Why Are Houses In California So Expensive? 5 Main Reasons
California is seen as a golden haven of pop culture, technology, and business, but the Hollywood dream has a startling downside: California’s average house price is almost double that of other states. In some places, you can get several houses for what you’d pay for a single house in California!
So, why exactly are houses in Cali so darn expensive? We’re here to take a closer look at the nitty-gritty reasons.
Top 5 Reasons Why Houses in California are so Expensive
1. Not Enough Housing
This is fairly simple to understand: if there’s not enough of something, what’s left is going to be more expensive. In the past 20 years, there hasn’t been enough housing, affordable and otherwise, built to keep up with the number of people buying houses.
To keep up with the demand for housing, California needs millions of more homes. As you’ll see in the rest of this article, it’s quite difficult to build houses in that kind of volume.
Even where housing is being built, it’s not usually in areas people want to live. Central Valley had a housing boom some years ago, but that’s not where most people want to live or buy a house.
2. High Demand To Live In California
This one is probably obvious, too: People love California. The state has something for everyone, whether it’s Silicon Valley, Hollywood, or any other number of distinctly Californian dreams. If people didn’t want to live in California, the housing prices wouldn’t be so high.
Is it really that simple? Kind of. There’s tons of speculation that foreign investors buying up Californian houses for cash is inflating the average price of homes, but that could just be in certain areas like San Francisco.
3. Proposition 13 Disincentivizes Housing
In case you’re out of the loop, Proposition 13 was a ballot initiative capping how much local governments get from property taxes. In theory, it was supposed to help homeowners from paying insanely high property taxes, but it has actually harmed the housing market.

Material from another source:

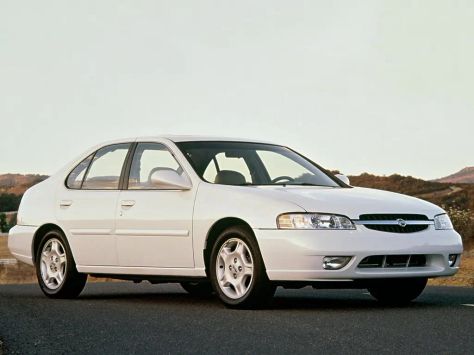 Altima, L30, 1999–2001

Simply put, governments make little in tax revenue from, say, apartment buildings. Because property taxes are capped, a used car dealer or Wal-Mart makes the city more in taxes. This has removed the incentive to build affordable housing in California, further widening the gulf in real estate prices.
The state of California itself has argued a lot about whether this is a significant problem, but most agree that it’s irrefutably an issue.
4. Difficulty Getting Housing Projects Approved
A more bureaucratic reason that California is so expensive is that it simply takes a lot of time to have housing projects approved. Hard data is scarce on this topic, but research from the University of Wharton says that it takes up to a year just to get approved for a new housing development in San Diego, while L.A. can take as long as 8 months!
This time estimate is solely for getting housing developments approved, so it doesn’t even take into account how long it takes to have the land rezoned from commercial to residential.
There are several pieces to this bureaucracy, which we’ll briefly review.
So, if you factor in the hundreds of thousands of dollars or more in fees from this lengthy approval process, it makes sense why the houses are at a markup.
5. Things Are More Expensive There
This includes labor and raw materials, both of which are vital aspects of any construction project. Labor is a staggering 20% higher in California than in other states, which is only rising as social unrest calls for higher wages in the wake of the COVID-19 pandemic.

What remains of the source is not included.